SUMMARYWhat is known: Documentation is a process indicator utilized to evaluate quality clinical pharmacist services. In this framework, documentation of dispensing, besides supporting patient care, allows evaluation of the impact of counselling. Objective: To identify and assess studies of documentation by pharmacists in the dispensing process. Method: A systematic review was carried out according to the following steps: (i) identification of studies in the following databases: PubMed/Medline, Web of Science, Scopus and Lilacs, using the descriptors 'counselling', 'dispensing', 'community pharmacy services', 'pharmacies' and 'pharmacists' in different combinations; (ii) evaluation of studies, in which the title, abstract and full text of the studies, and the evaluation of the methodological quality of the selected studies were analysed.

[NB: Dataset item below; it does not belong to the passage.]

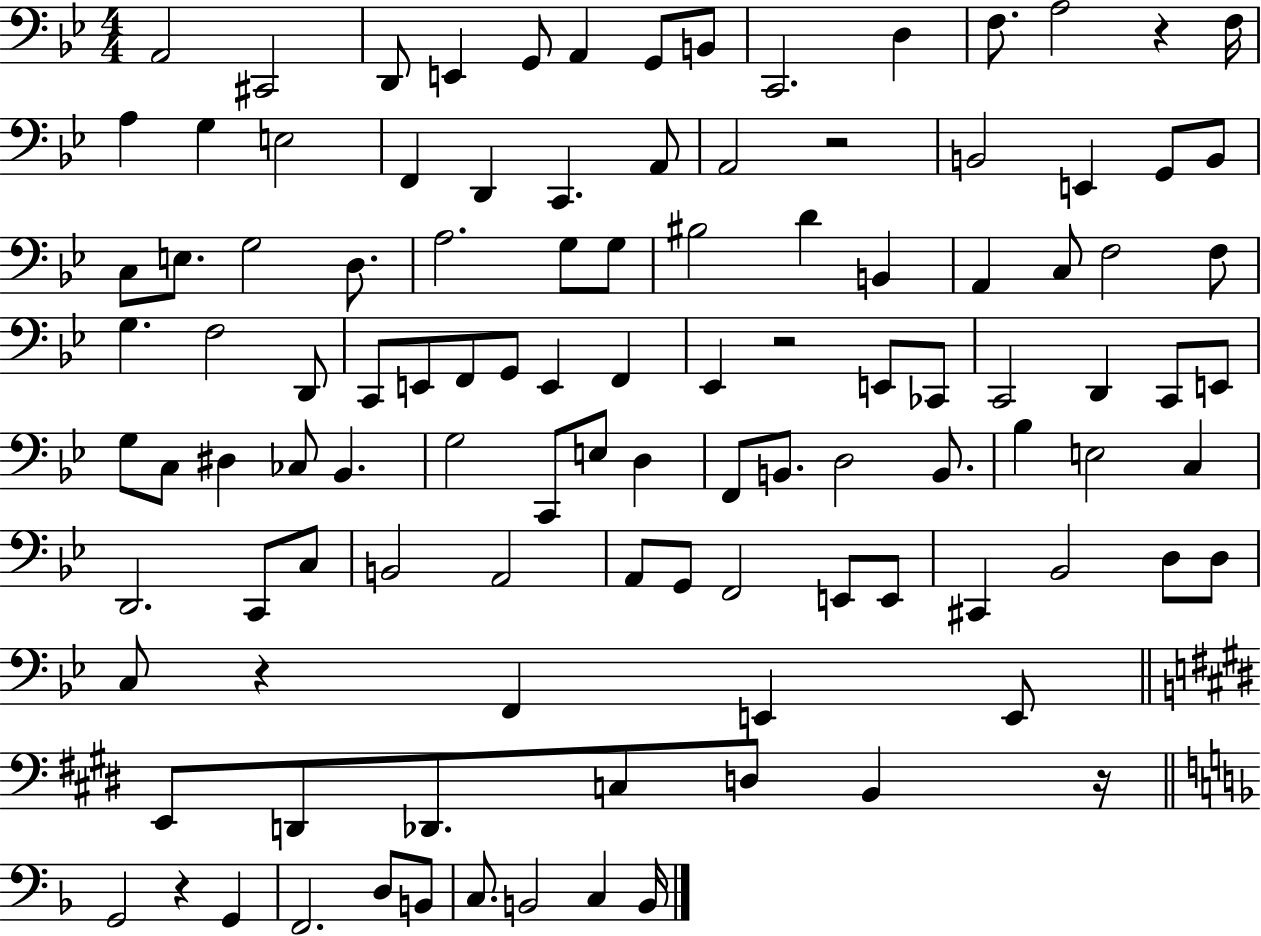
A2/h C#2/h D2/e E2/q G2/e A2/q G2/e B2/e C2/h. D3/q F3/e. A3/h R/q F3/s A3/q G3/q E3/h F2/q D2/q C2/q. A2/e A2/h R/h B2/h E2/q G2/e B2/e C3/e E3/e. G3/h D3/e. A3/h. G3/e G3/e BIS3/h D4/q B2/q A2/q C3/e F3/h F3/e G3/q. F3/h D2/e C2/e E2/e F2/e G2/e E2/q F2/q Eb2/q R/h E2/e CES2/e C2/h D2/q C2/e E2/e G3/e C3/e D#3/q CES3/e Bb2/q. G3/h C2/e E3/e D3/q F2/e B2/e. D3/h B2/e. Bb3/q E3/h C3/q D2/h. C2/e C3/e B2/h A2/h A2/e G2/e F2/h E2/e E2/e C#2/q Bb2/h D3/e D3/e C3/e R/q F2/q E2/q E2/e E2/e D2/e Db2/e. C3/e D3/e B2/q R/s G2/h R/q G2/q F2/h. D3/e B2/e C3/e. B2/h C3/q B2/s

Results: In total, 26 articles met the specific criteria. Few studies addressed documentation as part of the dispensing working process (3), and 16 articles reported documentation using nonelectronic systems. The main variables documented were patient information, drug therapy problems and clinical interventions. Furthermore, 20 studies showed the effects of documentation in the dispensing process and 23 studies included statistical evidence. Eight articles met between 42% and 75% of the 28 items recommended by the STROBE initiative, and two articles met approximately 60% of the 36 items recommended by the CONSORT initiative.